AUSTIN (Nexstar) — Several Texas laws passed in 2021 will have an impact on Texas politics and voters’ decisions for years to come.
That includes the most restrictive abortion law in the nation, new voting regulations and bills to fix our power grid after its failure in February.
“Usually the legislature in Texas is somewhat limited in how much they can accomplish in 140 day session. But this year, we had three special sessions, and a really strong appetite, especially among Republican legislators to make this extremely, if not one of the most conservative sessions that Texas has ever seen,” Joshua Blank with the Texas Politics Project explained.
The Texas abortion law, Senate Bill 8, made national headlines this year.
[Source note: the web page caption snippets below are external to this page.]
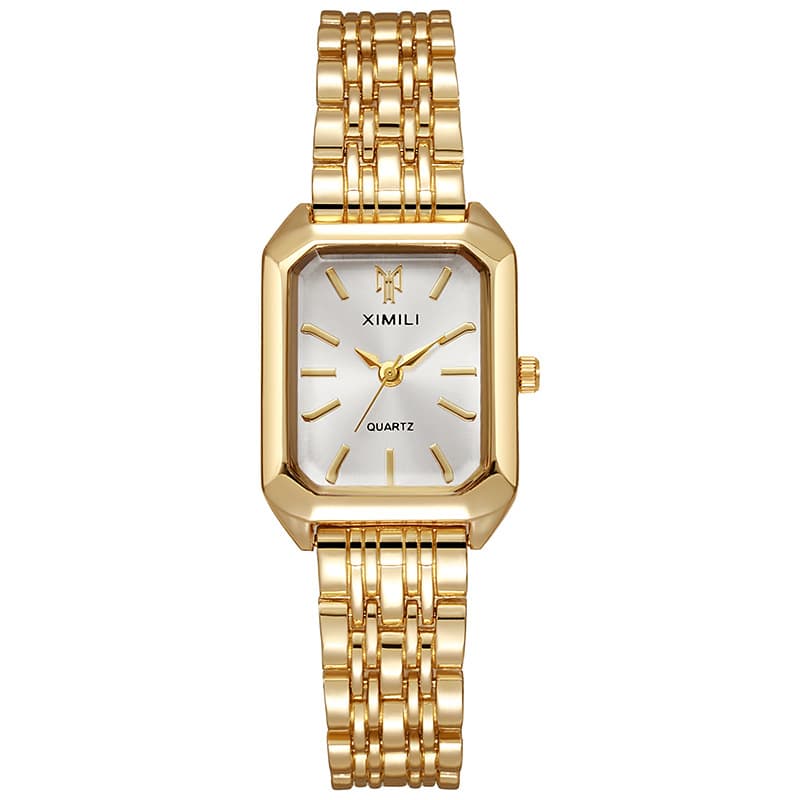 Women's Fashion Quartz Watch Simple Square Light Luxury Steel Strap Schoolgirl Digital Display Timepiece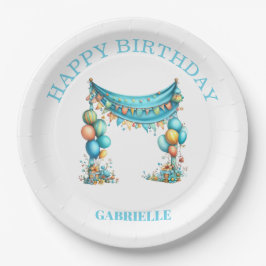 Prato De Papel Whimsical Fun Teal Birthday
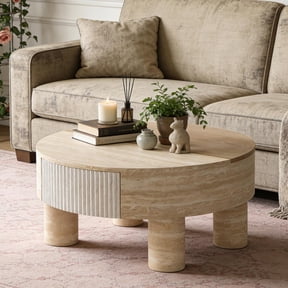 YWEN 31.5" Round Coffee Table with Flip Top and Hidden Storage, Faux Marble Tabletop for Living Room, Modern Wooden Circle Center Table, Tea Table for Apartment, Office, Beige Mars Pattern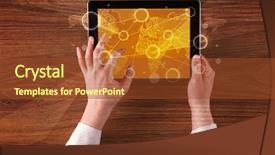  Presentation with hands holding - PPT layouts featuring succsess - caucasian business hands holding tablet background and a  colored foreground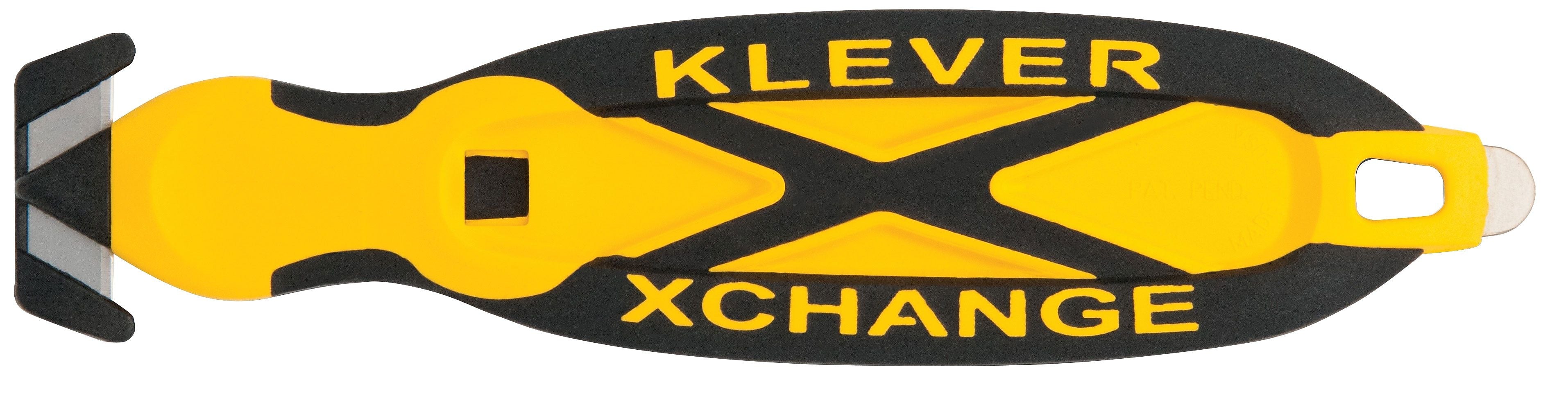 Klever X-Change 2-Sided 6-1/2" Safety Cutter, Yellow/Black Soft Touch Ergonomic Handle, Replaceable Blade Head, 12/Box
It allows citizens to sue anyone who aids or abets an abortion after fetal cardiac activity is detected in the womb, which happens as early as six weeks into a pregnancy.
It’s still in effect, for now, after the U.S. Supreme Court sent it back to work its way through district court in Texas.
But a future Supreme Court decision in the spring, on the Mississippi Dobbs case, could make the topic a pivotal campaign point in 2022.
That’s because Texas has another law already in place, stating if the high court overturns Roe versus Wade, all abortions in Texas will be banned.
“If the Supreme Court makes a decision that essentially leads Texas to outlaw the practice of abortion in the state, it’s going to be hard for it not to be center stage as one of the issues in the 2022 campaigns,” Blank said.
Texas also passed new voting regulations this year, banning 24-hour and drive-thru voting, and adding requirements for voting by mail.
Blank says he expects Democrats to keep this issue at the forefront of their campaigns – trying to garner support at the national level to walk back some of Texas’ restrictions.
“As long as Democrats at the national level can’t come to terms with whether or how to address voting rights, it’s going to remain a part of the conversation,” Blank said, adding that the topic is also a big motivator for Democratic voters to get to the polls.
Another issue lawmakers tackled that affected millions of Texans last February: the failure of our power grid.
“We should expect democrats to continue talking about the winter storm in the aftermath because they want to make the ’22 election as much as they can a referendum on the incumbent administration, both Governor Abbott and Republicans in the legislature,” Blank said.
In fact, Democrats are already attacking Republicans, saying the bills passed to fix the grid won’t do enough.
“We need to fix the grid, which means weatherizing every single aspect of power supply from the generators, you know, owned and operated by the utilities to the actual supply of power, including, most importantly, the gas supply in Texas,” Democratic gubernatorial candidate Beto O’Rourke said this week.
But the Governor and ERCOT both said this week the bills that were passed that require most entities to weatherize, but not all – will keep the lights on this winter.
When the bills were first signed by the governor in June, he said, “Bottom line is that everything that needed to be done was done to fix the power grid and texas.”
Blank said that voters’ decisions on the power grid will be heavily dependent on the winter Texas sees in 2022, and how the grid fares.